İkisi de derin nefes alarak, içlerindeki duyguları paylaşmanın heyecanıyla dolmaya başladı. Müzik hafifçe yükseldi. Pavyonun sıcak atmosferi içinde, geçmişin yüklerinden kurtulmanın verdiği küçük mutluluk masada hakimdi. Sohbet sohbeti kovaladı. İlerleyen zamanda, masa da cep telefonu çalmaya başladı ama İsmail duymuyordu. Yasemin, “Galiba aranıyorsun,” dediğinde İsmail’in gözü telefonun ışığına kaydı. Kısa bir konuşma sonrası telefonu kapattı ve müsaade istedi.

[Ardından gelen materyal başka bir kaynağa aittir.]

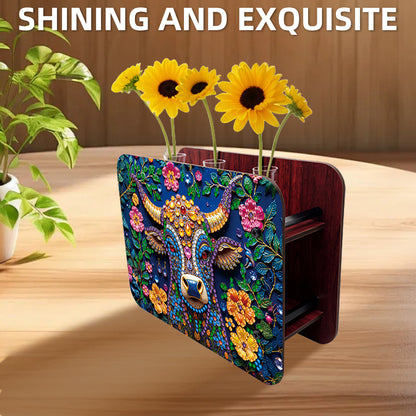 Gem Cow DIY Diamond Painting Wooden Tube Vase for Adults Gift Idea Home Decor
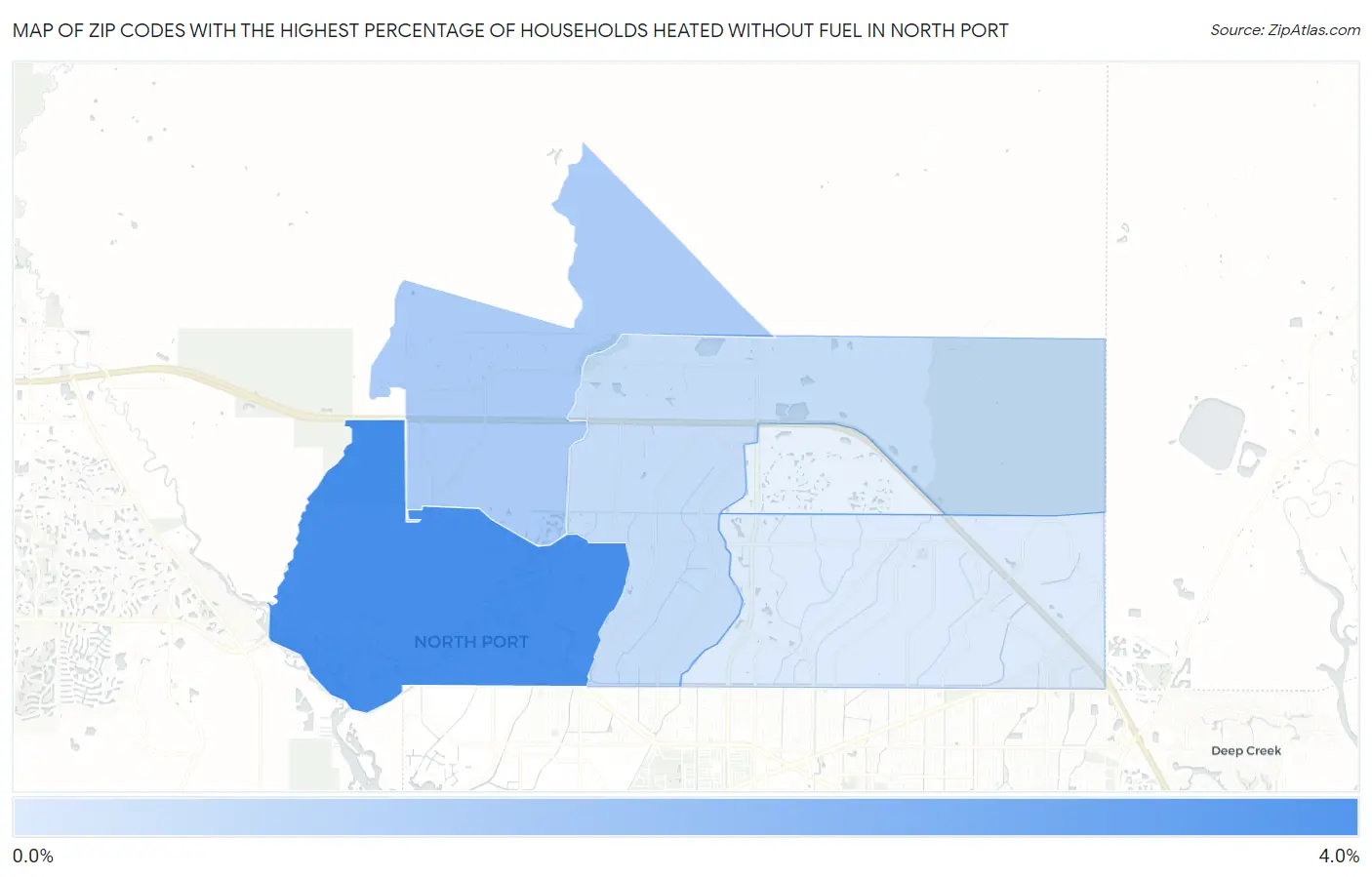 Zip Codes with the Highest Percentage of Households Heated without Fuel in North Port Map
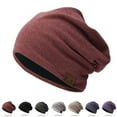 thumbnail image 1 of UTSJKR Knit Beanie Hat for Women Men Stretch Wraps Sleep Head Thin Skull Cap Retro Warm Fashion Square Pile Hat Lattice Pile of Hats Wine, 1 of 3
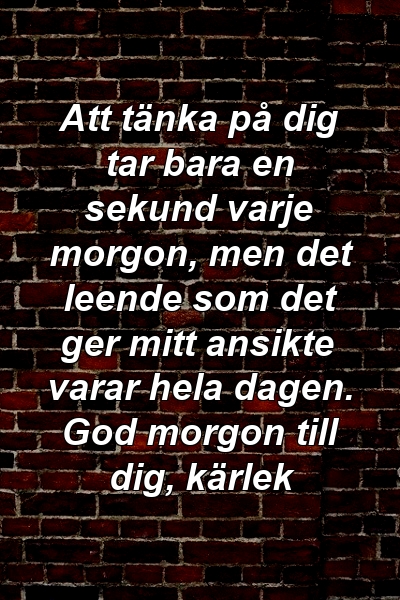 Att tänka på dig tar bara en sekund varje morgon, men det leende som det ger mitt ansikte varar hela dagen. God morgon till dig, kärlek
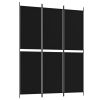 Kamerscherm met 3 panelen 150x200 cm stof zwart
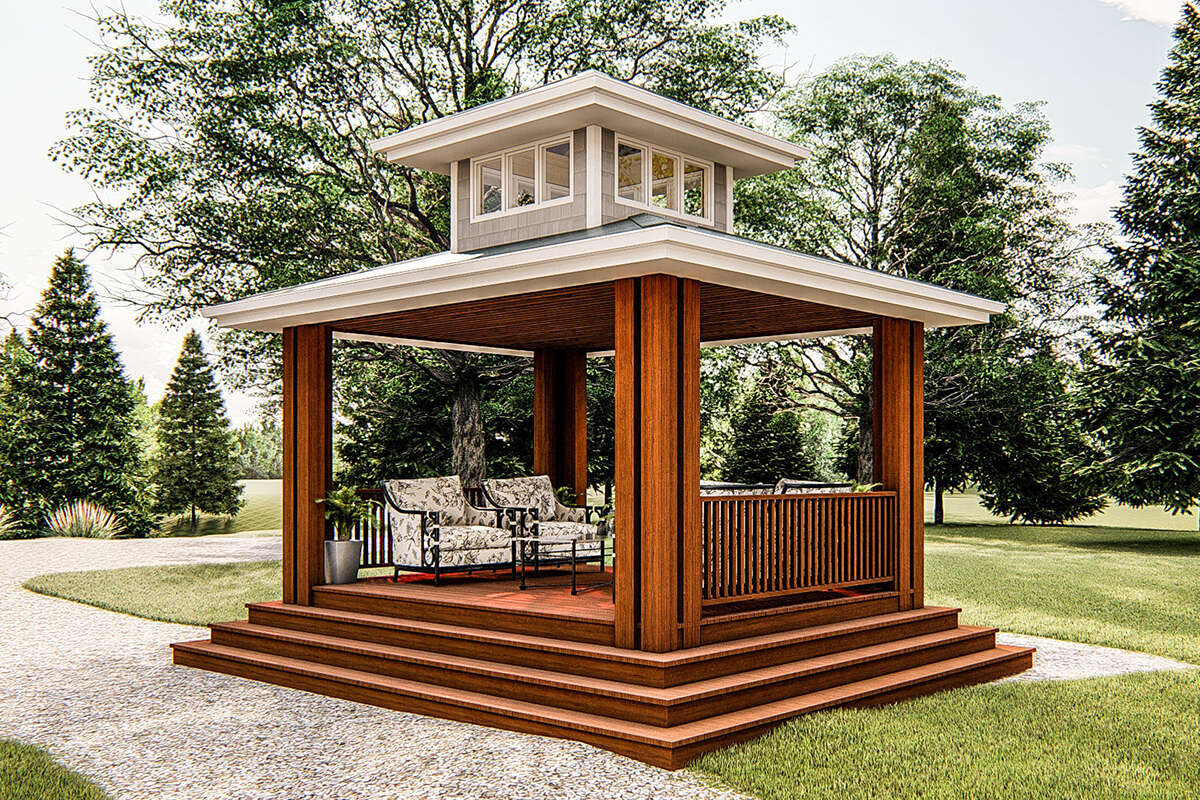Modern Farmhouse Gazebo Plan - 192 Square Feet | Floor Plan #963-00954 ...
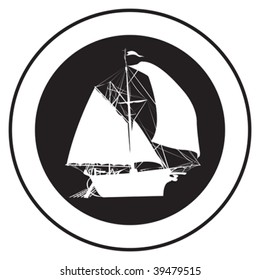 Emblem of an old ship, vector stamp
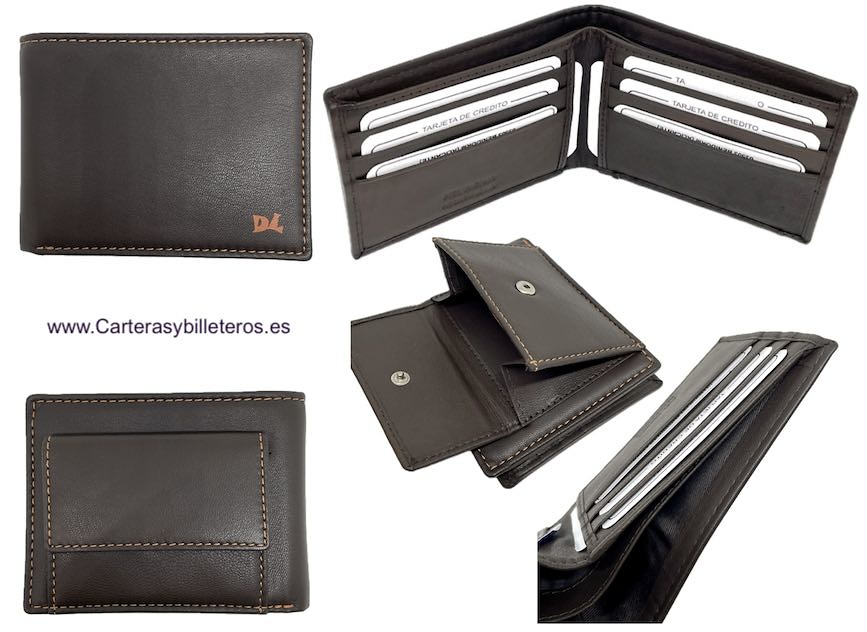 MEN'S LEATHER WALLET WITH DOUBLE BILLFOLD WALLET AND EXTERNAL COIN PURSE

Hesabını kapattıktan sonra birlikte kalktılar. İsmail, arabasına doğru gitti. Ayakları yan yan çizmiyordu; içtiği şey ona dokunmamış gibiydi. Çok eski model arabaya binerek uzaklaşırken, Yasemin de sırtını mekânın duvarına yaslayarak sigarasını yaktı. Dumanı içine iyice çekti, sonra yukarı doğru üfledi. Salaş giyimli Cemil’de son model arabasına bindi ve gitti. “Şu insanların giyimine bak bir de arabalarına,” dedi kendi kendine.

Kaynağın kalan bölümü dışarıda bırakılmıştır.